# About this task
Within the lines below, the span from the line with "Historical Cendere Bridge" to the line with "Oferta de Vaso", both ends included, is to be reproduced exactly, with pictures omitted.

***** Record set *****

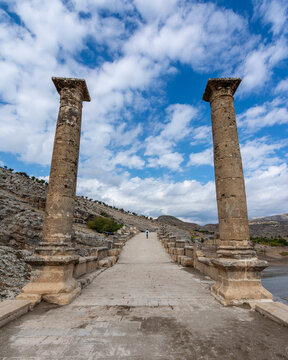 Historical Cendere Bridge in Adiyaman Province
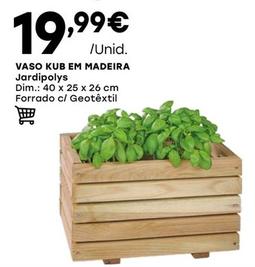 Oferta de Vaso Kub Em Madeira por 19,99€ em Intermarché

*****
***** Record set *****

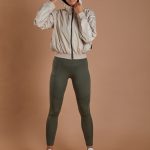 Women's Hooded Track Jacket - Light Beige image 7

*****
***** Record set *****

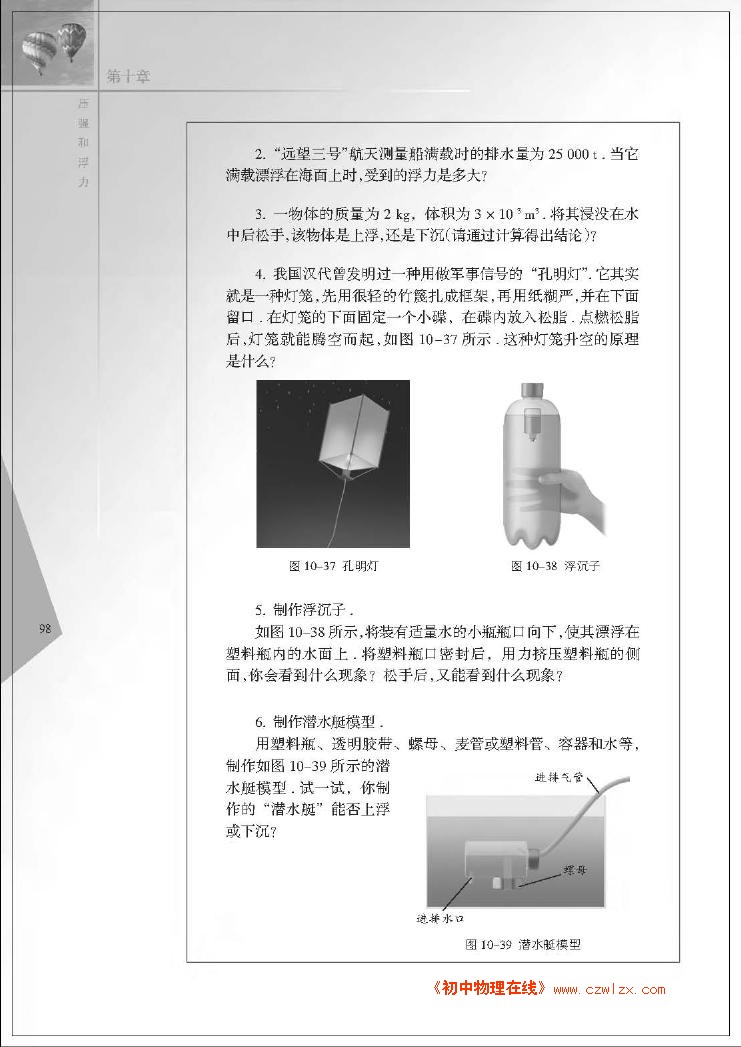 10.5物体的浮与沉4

*****

# Response to this exercise
 Historical Cendere Bridge in Adiyaman Province
 Oferta de Vaso Kub Em Madeira por 19,99€ em Intermarché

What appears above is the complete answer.